=== Data for review ===
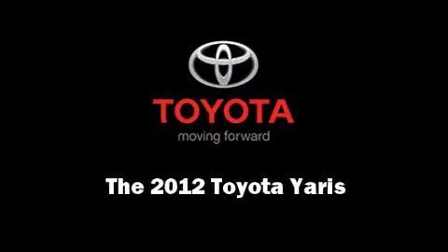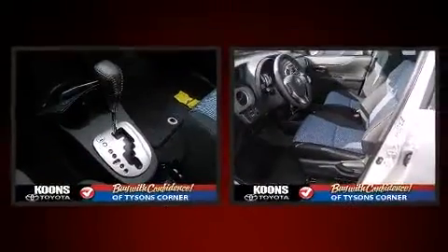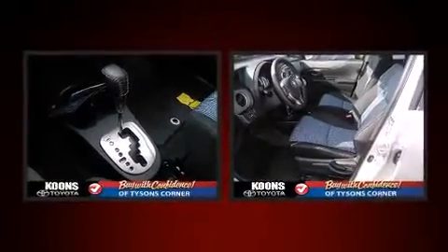Introducing the 2012 Toyota Yaris. It features an automatic transmission, front-wheel drive, and an efficient four-cylinder engine.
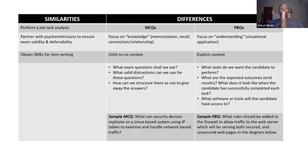Now the way CompTIA and SMEs that work with CompTIA come up with these things — there are some similarities and some differences. For both MCQs and PBQs, they perform a job task analysis. Psychometricians have to be there to make sure the questions are really good and actually getting to what they want. And SMEs have to write the questions and the problems. Now for multiple choice, the focus is on you memorizing the answer.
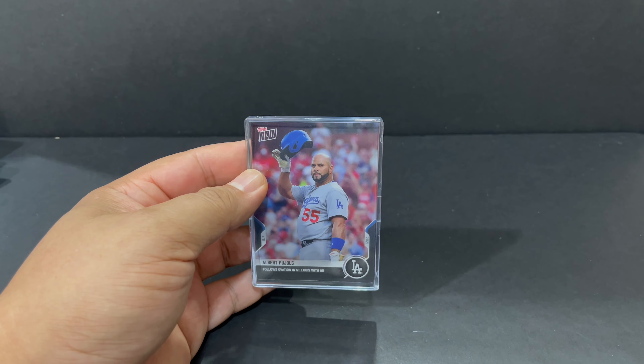Another Dodger added to the collection. I like these Topps Now cards. The reason why I'm buying five at a time is for that increased chance at a parallel. And I thought it would be worth it because the price drops significantly when you buy more than one — the price per card.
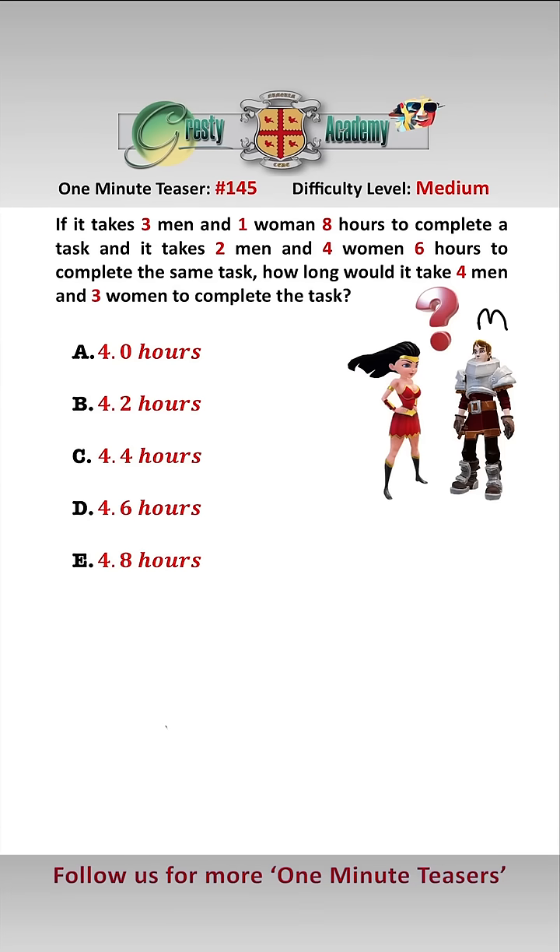Let M be the fraction of a task one man can do in one hour, a.k.a. his work rate, and W be the fraction of a task one woman can do in one hour, a.k.a. her work rate.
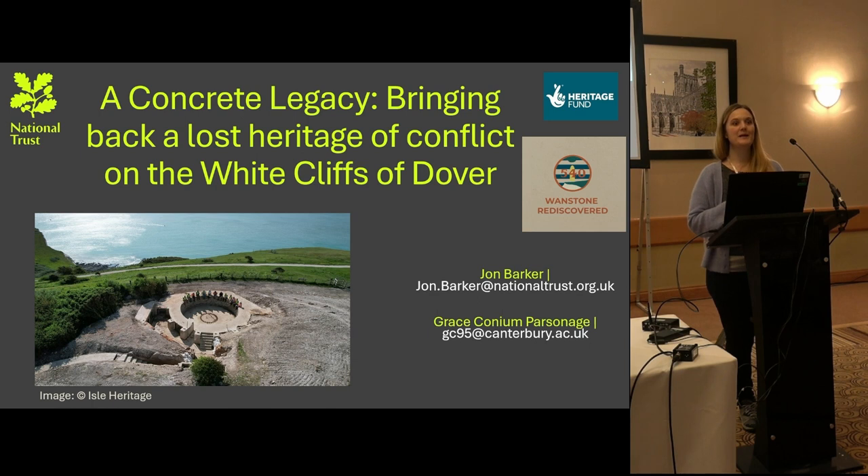I've been involved in this project since the end of 2022, when I used it as a case study for my PhD, which is ongoing. I've also been fortunate enough, as part of my PhD, to do a six-month placement, which I am currently doing as well.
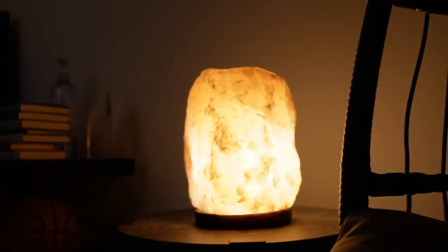Behind me, you have this huge Himalayan salt lamp, which is supposed to emit negative ions or something like that. So overall, really good vibes. Love the den. And now we're making our way into the bathroom.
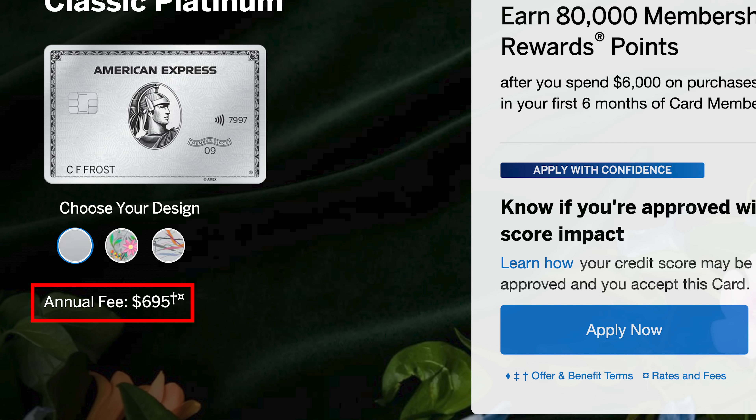The Everyday cards are also a great way to preserve your points. Since Amex points pool together in one account, as long as you have one membership rewards-earning Amex card open, you won't forfeit your points. Many people open the Everyday card — the one with no annual fee — just to preserve their points if they want to close their Amex platinum or Amex gold.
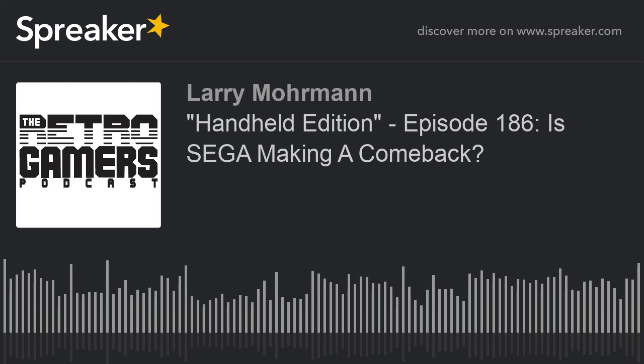Check out CustomGameCases.com and tell them the Retro Gamers sent you. They don't know who we are and it's not going to save you any money, but it gets our name out there. They'll just be like 'who are the Retro Gamers?' and probably charge you double.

=== Work to complete ===
From the records above, transcribe only the stretch from the line with "Another Dodger added" through the line with "I've been involved", keeping both ends. Omit pictures.

=== Output for this task ===
Another Dodger added to the collection. I like these Topps Now cards. The reason why I'm buying five at a time is for that increased chance at a parallel. And I thought it would be worth it because the price drops significantly when you buy more than one — the price per card.
Let M be the fraction of a task one man can do in one hour, a.k.a. his work rate, and W be the fraction of a task one woman can do in one hour, a.k.a. her work rate.
I've been involved in this project since the end of 2022, when I used it as a case study for my PhD, which is ongoing. I've also been fortunate enough, as part of my PhD, to do a six-month placement, which I am currently doing as well.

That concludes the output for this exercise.